Knowing the industry, I worried that this would be too much for a publisher, but Troika had asked me, specifically, for a poetry book for teenagers. They’d seen me perform. They’d read my work. They had actually met me (big mistake). They knew what they were getting into, or at least, I hoped they did. I sent off the manuscript - it felt like a game of chicken, where I was waiting for one of us to blink. I made lists in my head - which poems I’d be happy to get rid of, which topics might be ‘too much’, and which topics were too personal, or too important, to compromise on.
They didn’t blink.
We had a meeting, to discuss the order of the poems, the format of the book, how to make it familiar and appealing to as wide a range of readers as possible. They acknowledged the personal nature of many of the poems, and asked if I could make it into a narrative, if it could follow my life in some way. Then they did the unexpected, and instead of asking me to cut poems out, they asked for even more. I went away. I dug through my notebooks. I pinned poem titles on a giant corkboard and tried to see if they could fit in a semi-autobiographical narrative. The day I found an old poem about my own birth felt like a sign - I had an opening. But where next?

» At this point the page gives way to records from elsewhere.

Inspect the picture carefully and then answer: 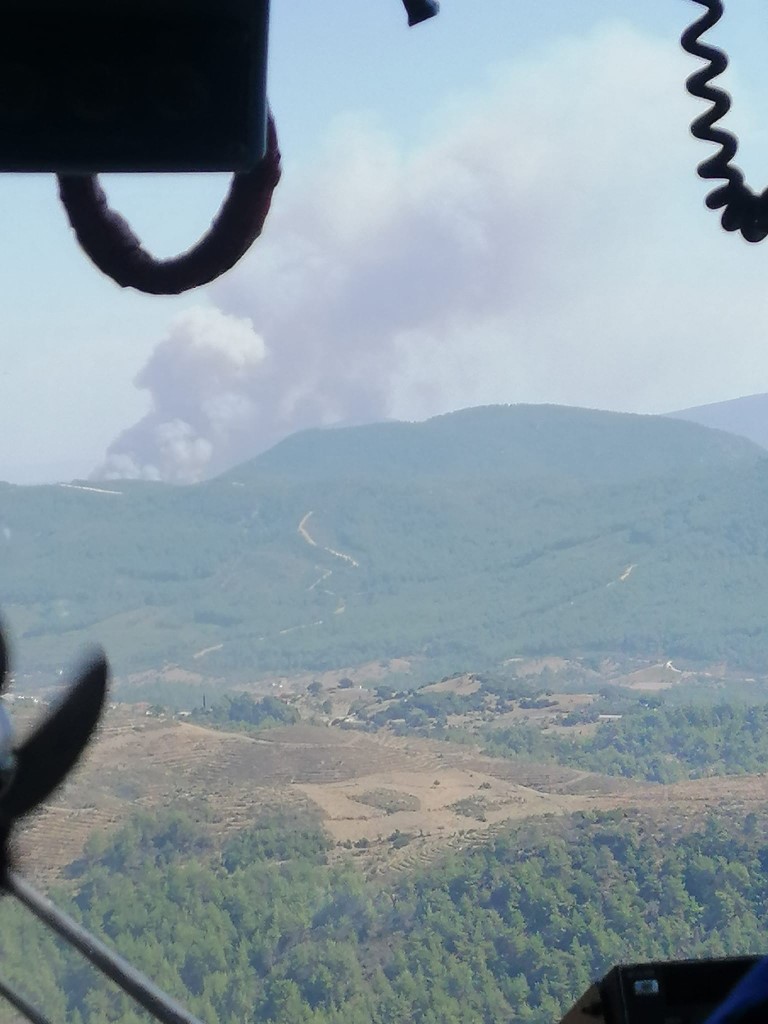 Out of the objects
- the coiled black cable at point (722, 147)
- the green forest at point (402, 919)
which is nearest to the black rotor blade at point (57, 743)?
the coiled black cable at point (722, 147)

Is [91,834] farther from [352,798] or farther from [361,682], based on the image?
[361,682]

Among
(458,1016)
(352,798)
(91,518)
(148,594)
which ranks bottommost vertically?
(458,1016)

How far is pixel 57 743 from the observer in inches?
171

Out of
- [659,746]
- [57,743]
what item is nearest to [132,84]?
[57,743]

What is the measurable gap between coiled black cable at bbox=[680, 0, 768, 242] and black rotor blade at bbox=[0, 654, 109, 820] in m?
2.80

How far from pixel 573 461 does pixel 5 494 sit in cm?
6269

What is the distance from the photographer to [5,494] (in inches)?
4774

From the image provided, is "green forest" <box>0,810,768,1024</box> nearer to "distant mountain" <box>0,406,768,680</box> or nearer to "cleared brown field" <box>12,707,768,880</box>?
"cleared brown field" <box>12,707,768,880</box>

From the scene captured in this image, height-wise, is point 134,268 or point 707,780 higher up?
point 134,268

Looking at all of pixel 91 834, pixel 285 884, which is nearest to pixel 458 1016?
pixel 285 884

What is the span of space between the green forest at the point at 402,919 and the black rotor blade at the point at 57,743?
138 ft

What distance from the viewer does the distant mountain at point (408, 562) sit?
108312 mm

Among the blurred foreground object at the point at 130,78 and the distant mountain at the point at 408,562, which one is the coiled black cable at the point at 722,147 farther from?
the distant mountain at the point at 408,562

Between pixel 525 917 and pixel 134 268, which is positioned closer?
pixel 134 268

Being trans means that my life does feel almost like it comes in two halves. I have lived in this world as two people: The person I was before; angry, confused, violent, trying to find out what was wrong, trying to find my place in a world that didn’t want me. And the person I am now; proud, confident, at peace with myself, trying to forge a future to be proud of. With that in mind, I divided the book into two parts. The first half is filled with problems, anger, and confusion, and the poems in turn are often filled with industrial and urban imagery, dark, and claustrophobic. The second half is filled with hope, change, and growth - the poems here are often filled with natural imagery, they are lighter, softer, quieter - kinder.
My hope is that as well as bridging the gap in poetry, into which so many young people fall, this book will also help people. Poetry has a power far greater than any other form of literature, it allows people to see, and feel seen. The intrinsic unknowability of a poem, the way it allows people to take from it what they most need in that moment, is something so often overlooked in the search for the “real” or “correct” interpretation, but it is unbelievably important; especially for a YA audience, who are so often searching for… something.
Hopefully this collection will act as a lifeline, and a mirror, and a friendly voice. Hopefully it will offer young people the affirmation and hope they so often need. Hopefully it brings a bit of good into the world. Hopefully it helps people.